Captioned web image data
-*-

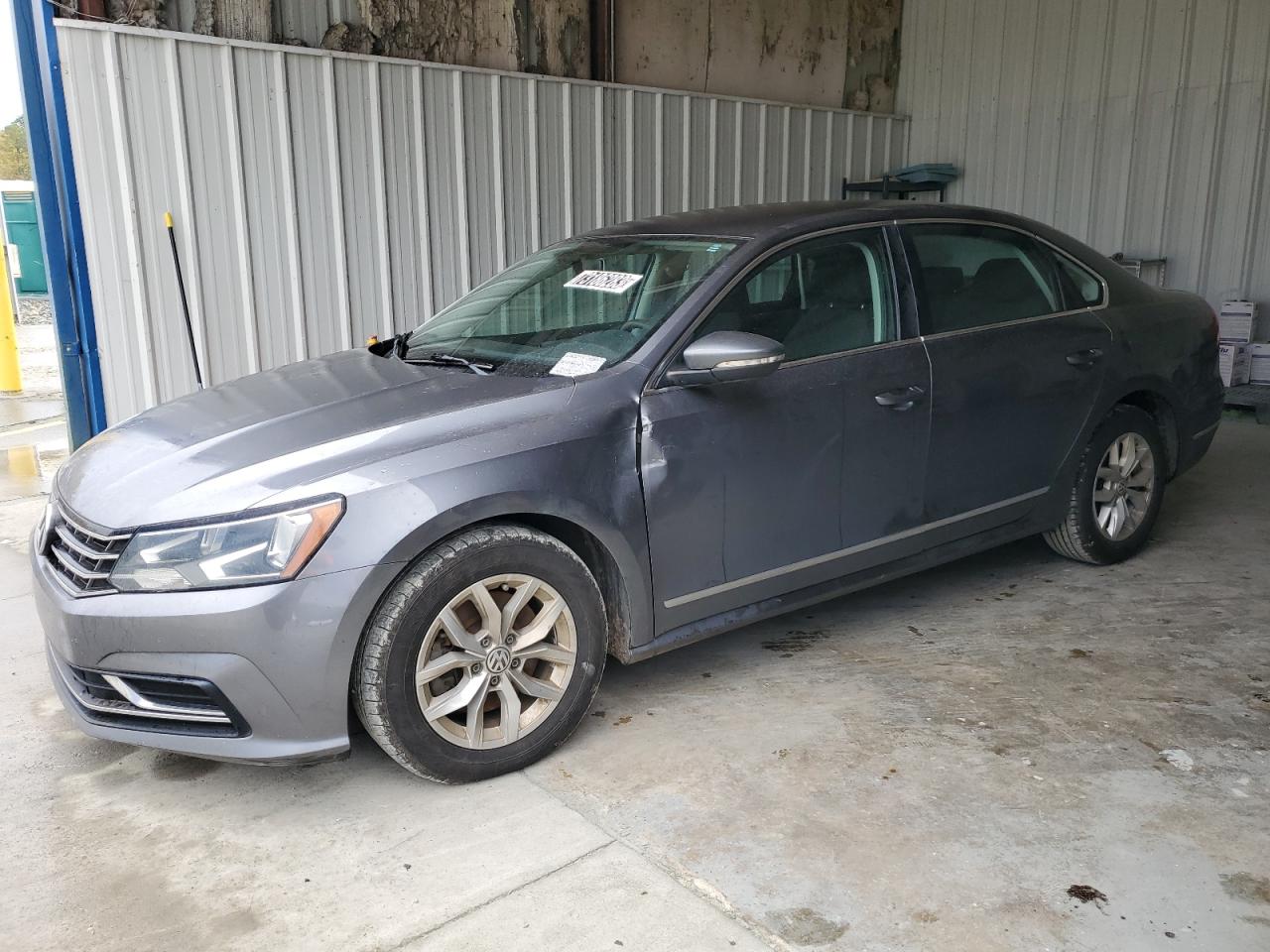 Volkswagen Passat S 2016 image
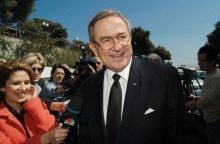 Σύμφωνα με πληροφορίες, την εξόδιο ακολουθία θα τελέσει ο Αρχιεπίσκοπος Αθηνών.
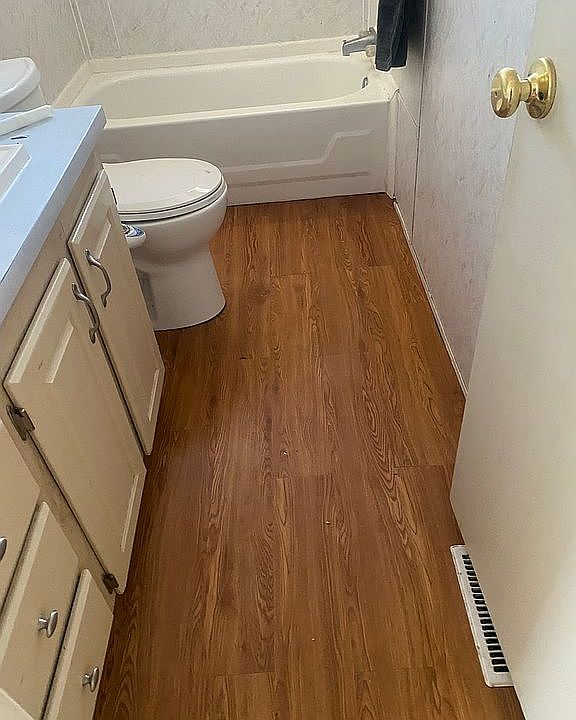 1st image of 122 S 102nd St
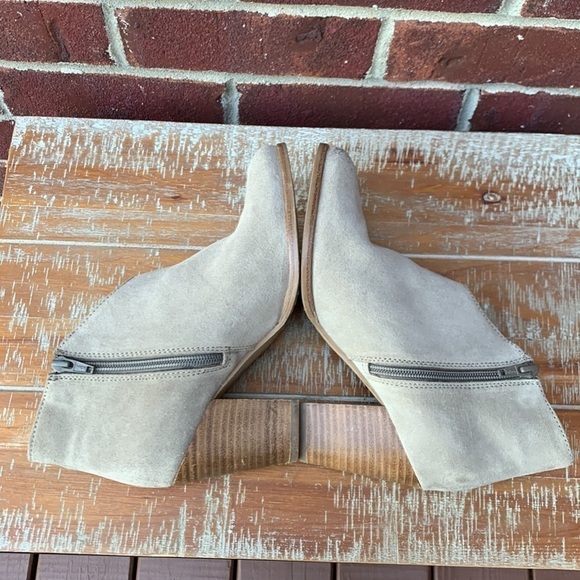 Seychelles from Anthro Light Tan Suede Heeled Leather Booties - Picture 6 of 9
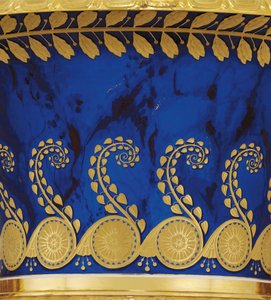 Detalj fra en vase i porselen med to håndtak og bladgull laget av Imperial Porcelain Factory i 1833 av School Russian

-*-

Work required
Retype the lines exactly as they appear, beginning with the line that contains "1st image of 122 S 102nd St" and ending with the final line of the entries, and omit the pictures.

Solution to the exercise
 1st image of 122 S 102nd St
 Seychelles from Anthro Light Tan Suede Heeled Leather Booties - Picture 6 of 9
 Detalj fra en vase i porselen med to håndtak og bladgull laget av Imperial Porcelain Factory i 1833 av School Russian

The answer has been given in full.